El movimiento comunista rápidamente devino blanco de su saña y en agosto de ese mismo año, a pocos días de fundado, ilegalizó al primer Partido marxista leninista de Cuba y deportó al secretario general de la organización, el maestro canario José Miguel Pérez, bajo la acusación de “extranjero indeseable”.   

Los dirigentes sindicales que no se plegaron a su mandato también recibieron los embates de su ira. A Alfredo López, secretario general de la Federación Obrera de La Habana (FOH), un ministro lo amenazó veladamente. El sindicalista ni se inmutó: “Estaré siempre dispuesto a lo que sea por defender los intereses de la clase obrera. Usted y yo nunca podremos entendernos. Usted representa los intereses de la burguesía y el imperialismo, y yo represento al proletariado explotado por ellos”.

A otro líder sindical, el ferroviario Enrique Varona González, la tiranía machadista igualmente trató de amedrentarlo. En medio de un paro, un teniente del ejército lo amenazó: “Usted acaba la huelga o yo dejo de llamarme como me llamo”. “Vaya cambiándose el nombre teniente, porque la huelga no se va a acabar”. “Tu cabeza huele a pólvora”, vociferó el uniformado.

Con ese mismo militar tuvo otro altercado en un central, cuando el sicario le puso la pistola en su nuca y le conminó a rubricar un documento redactado por la compañía yanqui en el cual no se satisfacían todas las demandas obreras. “Dispare, que yo no firmo eso”, dijo simplemente.

No es de extrañar que Varona apareciera en una macabra lista de opositores al régimen “candidatos a desaparecer”. El nombre de Alfredo López también estaba incluido en ella.

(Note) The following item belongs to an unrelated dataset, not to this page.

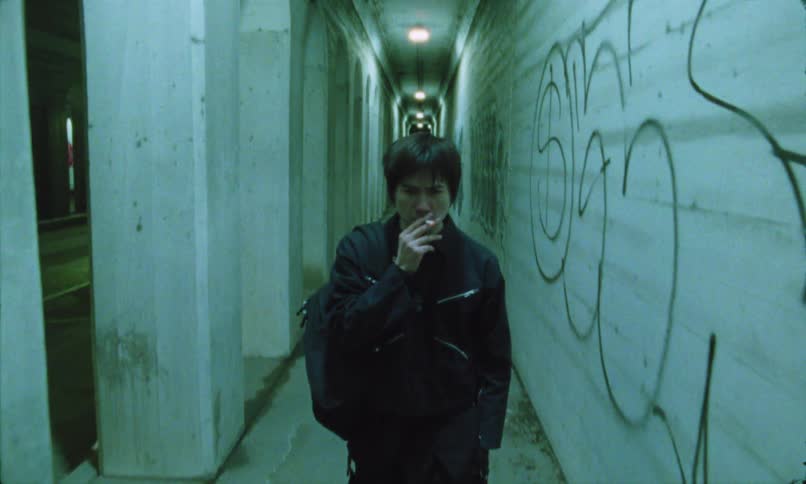 A man is walking and smoking at night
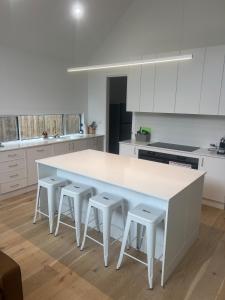a white kitchen with a large white table and stools at Laguna Beach House Ocean Grove-pets welcome in Ocean Grove +18 photos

Enrique Varona González nació en Consolación del Sur, Pinar del Río, el 11 de abril de 1888. Hasta 1913 cultivó personalmente una vega en San Juan y Martínez, la cual perdió al endeudarse debido al precio ruinoso del tabaco. Se marchó con su mujer, Ana Lugo –se habían casado muy jóvenes en 1906–, y sus críos, para Santa Clara. Trabajó de aparcero y desde 1917, ya en Morón, fue mecánico de la casa ingenio en el central Patria, primero, y luego en los talleres del Ferrocarril del Norte de Cuba. Se hizo también maquinista en esta última empresa, donde en 1922 lo eligieron presidente de la Unión de Trabajadores y Empleados.

De veguero a ferroviario

Transformó un gremio desalentado y mal organizado en un paradigma del movimiento obrero cubano y logró la unidad de acción de sus afiliados con los estibadores y ferroviarios de Cienfuegos, y de algunas zonas del Oriente cubano. Organizó sindicatos en los centrales de la antigua provincia de Camagüey. Se destacó en la conducción de paros protagonizados por los trabajadores de la primera industria de la nación y el pueblo le apodó “el líder de las mil huelgas”. Contactó y trabajó conjuntamente con Alfredo López y la Federación Obrera de La Habana.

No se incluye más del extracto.